第7回『このミス』大賞 次回作に期待 北原尚彦氏コメント

『十年後の同じ日に』 結城泉
『ゴムの棘のやまあらし』 渡村たくほ
『鏡の国の氷美人』 城里田圭

北原尚彦コメント

今回惜しくも「次回作に期待」となったのは、まず『十年後の同じ日に』(結城泉)。

ある朝主人公が目覚めると、そこは十年後(2003年)の世界。自分も十年歳をとっている。だが翌朝目覚めると、それは元の時代(1993年)、元の自分。それが交互に繰り返される。しかし好意を寄せる女性が、1993年の世界で間もなく殺されることを知り、阻止しようとするが……という話。

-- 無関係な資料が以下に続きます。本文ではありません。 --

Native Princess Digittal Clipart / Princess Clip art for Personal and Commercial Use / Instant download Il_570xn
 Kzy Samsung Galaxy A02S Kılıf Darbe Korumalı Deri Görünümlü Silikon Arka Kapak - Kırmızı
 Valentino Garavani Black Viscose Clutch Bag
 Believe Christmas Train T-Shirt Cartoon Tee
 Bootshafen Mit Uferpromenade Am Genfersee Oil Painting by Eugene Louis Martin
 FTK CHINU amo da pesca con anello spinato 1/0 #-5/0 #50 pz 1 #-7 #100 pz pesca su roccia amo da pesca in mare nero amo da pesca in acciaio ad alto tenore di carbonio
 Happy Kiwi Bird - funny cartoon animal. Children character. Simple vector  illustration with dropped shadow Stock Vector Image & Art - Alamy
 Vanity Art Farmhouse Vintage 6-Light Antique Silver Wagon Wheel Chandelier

設定は魅力的だし、(散見される初歩的なタイプミスを除けば)文体も読みやすい。だが、改稿の段階で混ぜこぜにしてしまったのか、似ているけれども異なる文章が混在してしまい、訳が分からなくなってしまっているパートがある——という時点で残念ながらアウト。応募原稿は必ず読み返して確認することが肝要。タイプミスも無くせたはず。また、やや冗長な部分もあるので、全体に刈り込めばもっとすっきりすると思う。

『ゴムの棘のやまあらし』(渡村たくほ)は、夫婦合作による作品。

主人公は、三人の中学二年生。他人の思念が勝手に頭の中に流れ込んでくるようになり、混乱している北村拓磨。同じ力を持っているけれども、能力 を代々受け継いでいるためにコントロールできる流照臣。照臣の幼馴染で、特殊能力は所持していないが明るい冨永太咲。彼ら三人は、記憶喪失の路上生活者 「学じいさん」と知り合い、彼の過去を調べようとするが……という話。

ほのぼのとしていい作風ではあるのだが、キャラクターやストーリー上の出来事など、微妙に掘り下げが浅い。もう少し深みを増すと、ぐんと読者を惹きつけることができるはず。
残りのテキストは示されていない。